- _RECORDS TO PROCESS_:
■ ■ ■
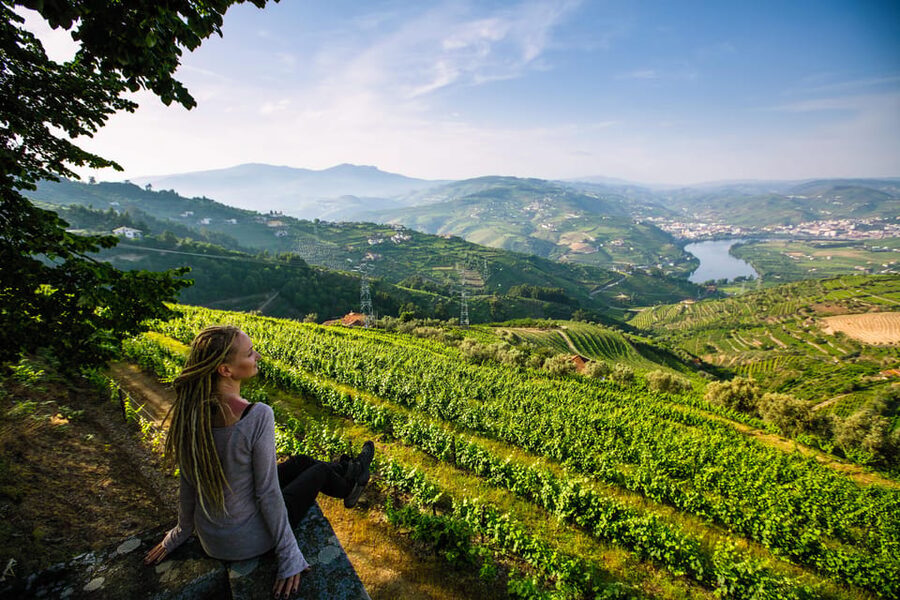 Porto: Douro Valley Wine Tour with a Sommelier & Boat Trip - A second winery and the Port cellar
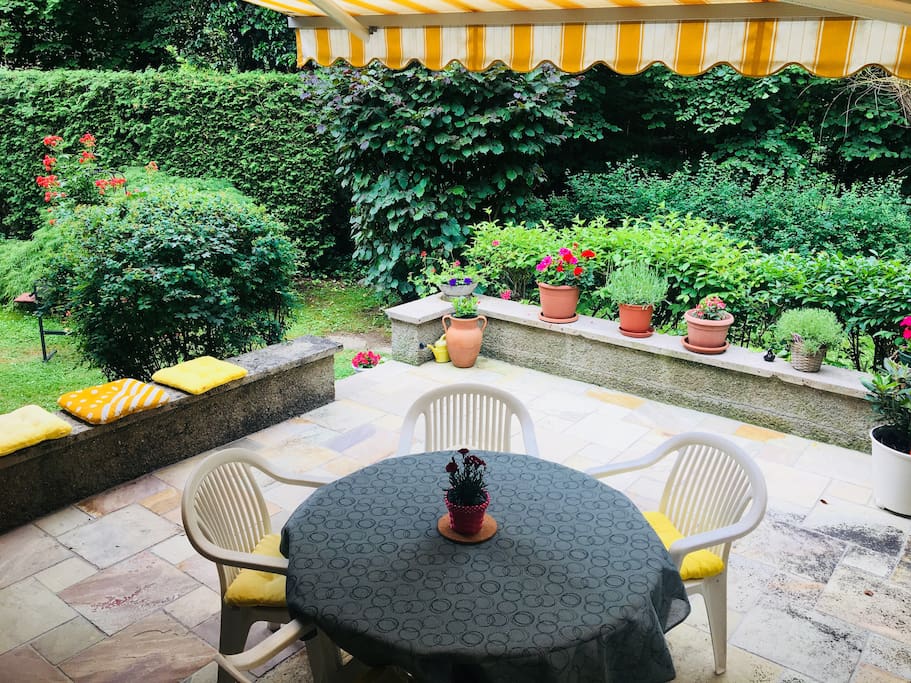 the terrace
■ ■ ■
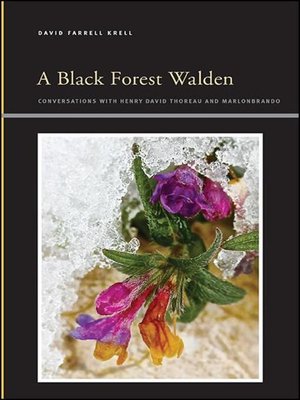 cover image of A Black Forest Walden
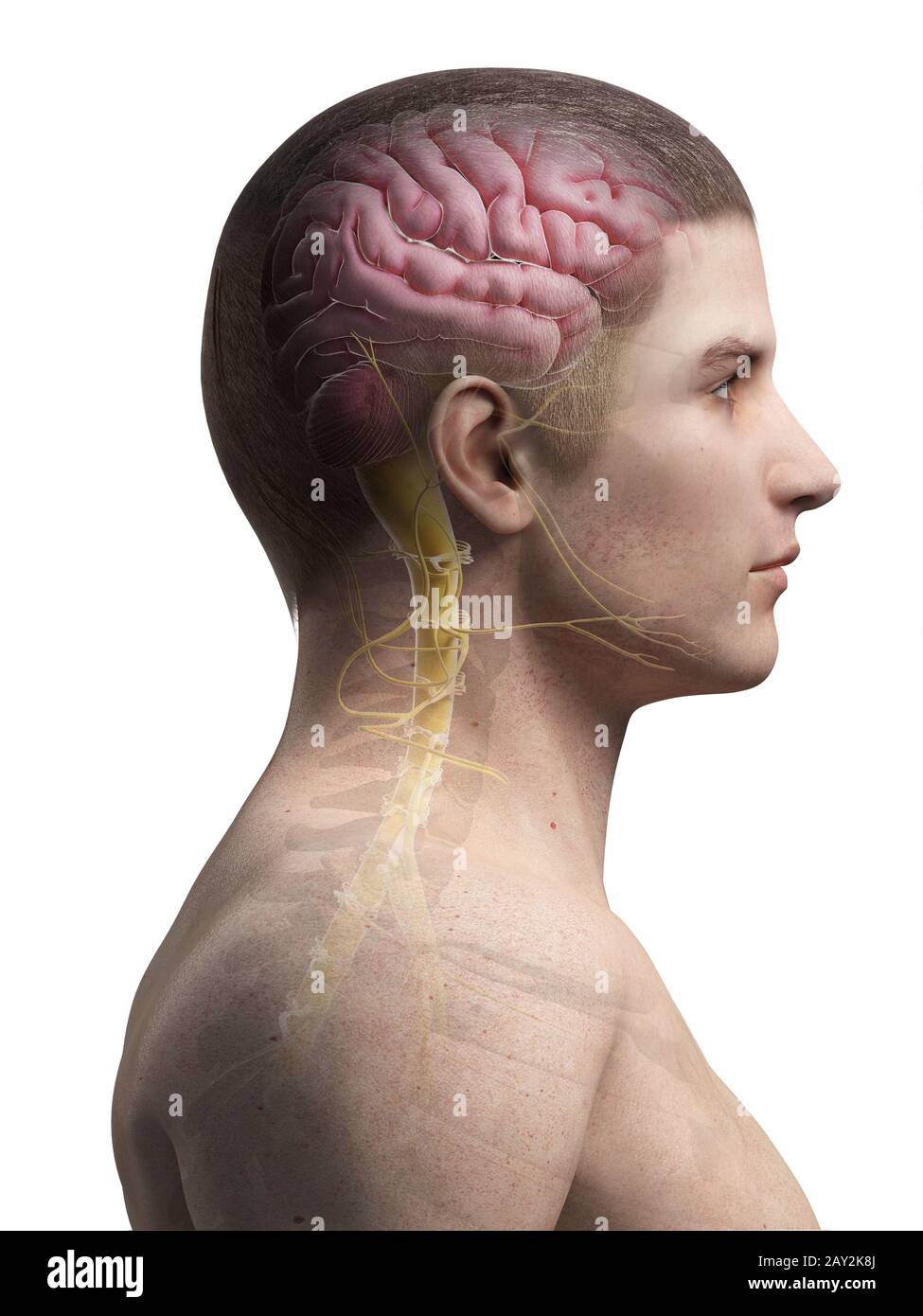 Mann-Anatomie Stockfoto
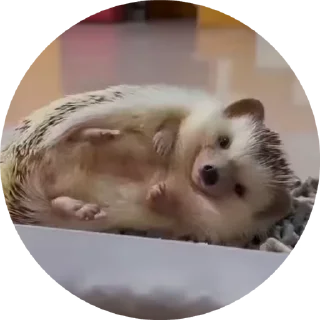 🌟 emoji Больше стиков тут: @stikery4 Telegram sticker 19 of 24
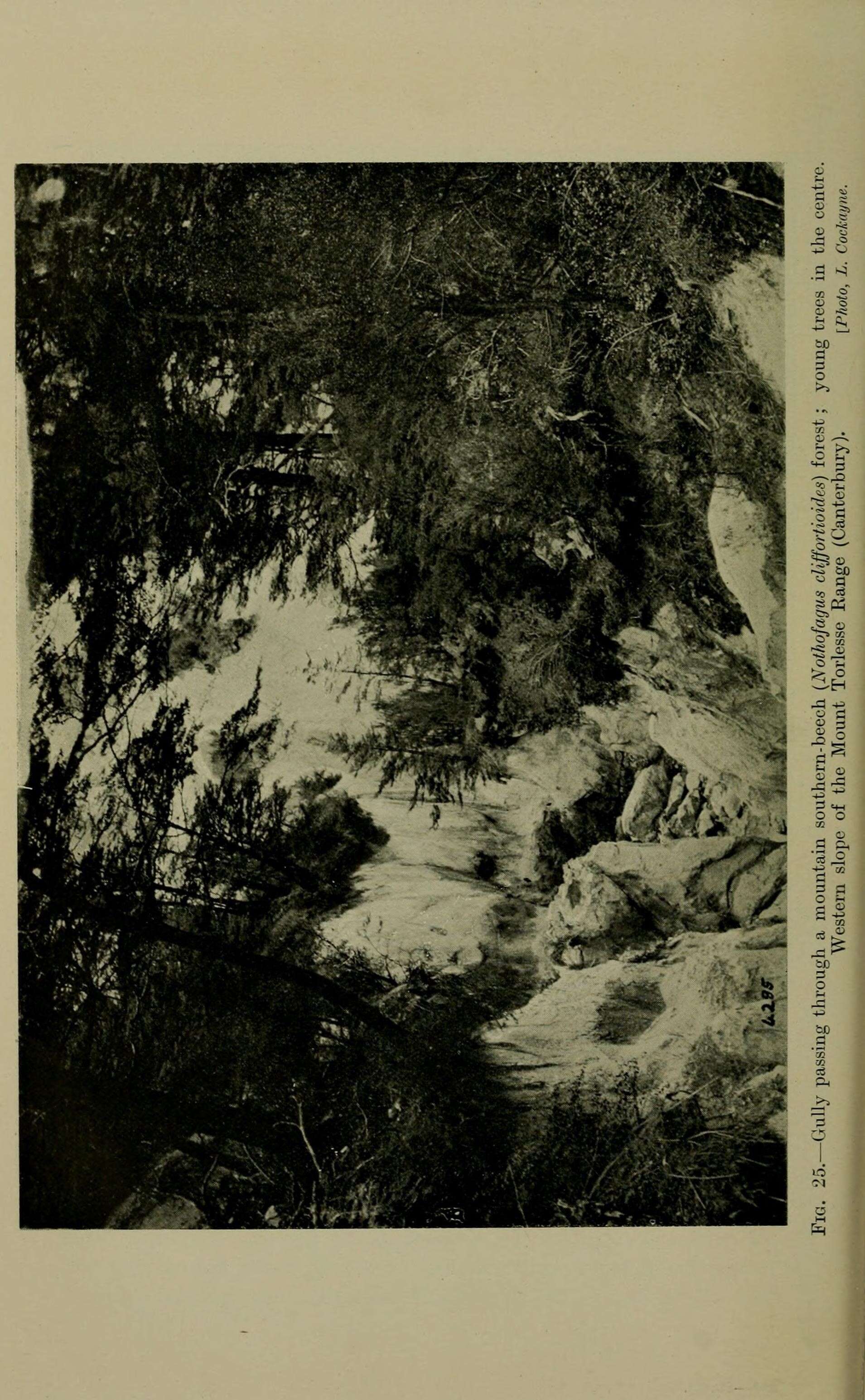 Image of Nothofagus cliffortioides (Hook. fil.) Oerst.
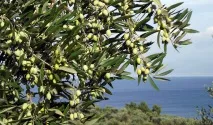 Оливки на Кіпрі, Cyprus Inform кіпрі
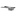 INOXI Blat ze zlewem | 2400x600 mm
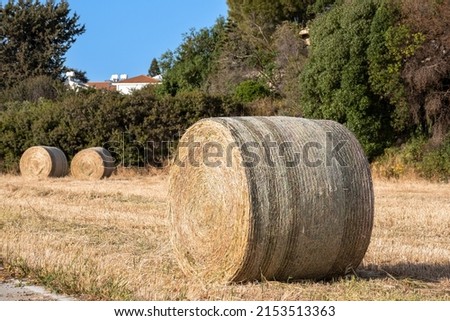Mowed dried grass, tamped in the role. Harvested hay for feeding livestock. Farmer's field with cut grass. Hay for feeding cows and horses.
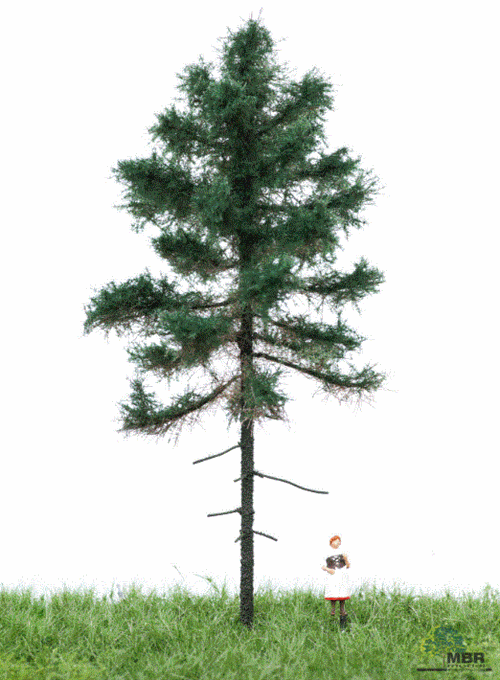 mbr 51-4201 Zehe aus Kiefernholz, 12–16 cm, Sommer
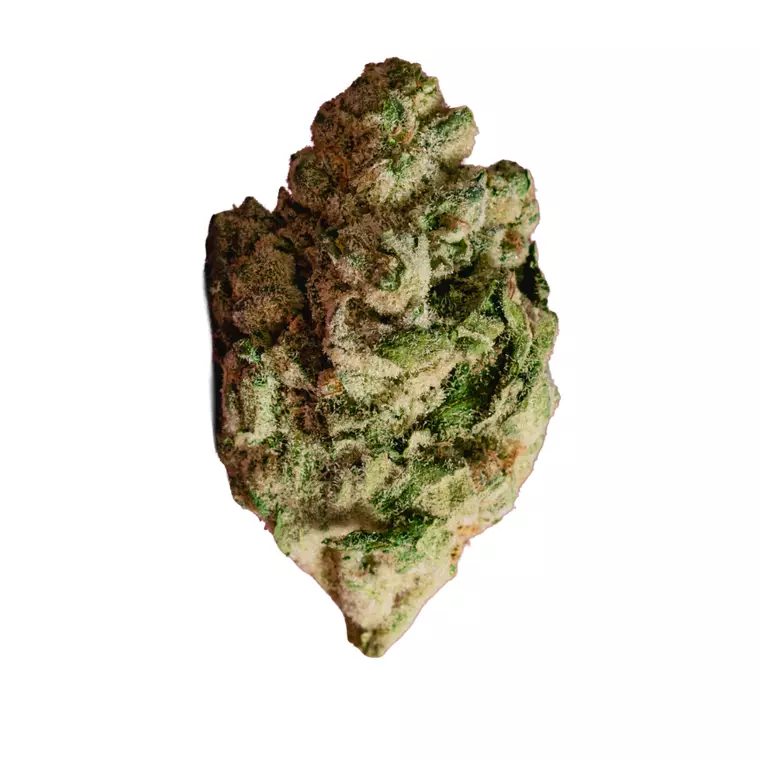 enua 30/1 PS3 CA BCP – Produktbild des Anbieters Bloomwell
■ ■ ■
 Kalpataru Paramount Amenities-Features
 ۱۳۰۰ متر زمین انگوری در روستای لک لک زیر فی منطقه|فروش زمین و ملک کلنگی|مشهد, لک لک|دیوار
■ ■ ■
- _WHAT THE TASK REQUIRES_: Would you please reproduce the entries above, starting at the line with "INOXI Blat ze zlewem | 2400x600 mm" and stopping after the line with "enua 30/1 PS3"? Omit any pictures.

- _TASK OUTPUT_:
 INOXI Blat ze zlewem | 2400x600 mm
Mowed dried grass, tamped in the role. Harvested hay for feeding livestock. Farmer's field with cut grass. Hay for feeding cows and horses.
 mbr 51-4201 Zehe aus Kiefernholz, 12–16 cm, Sommer
 enua 30/1 PS3 CA BCP – Produktbild des Anbieters Bloomwell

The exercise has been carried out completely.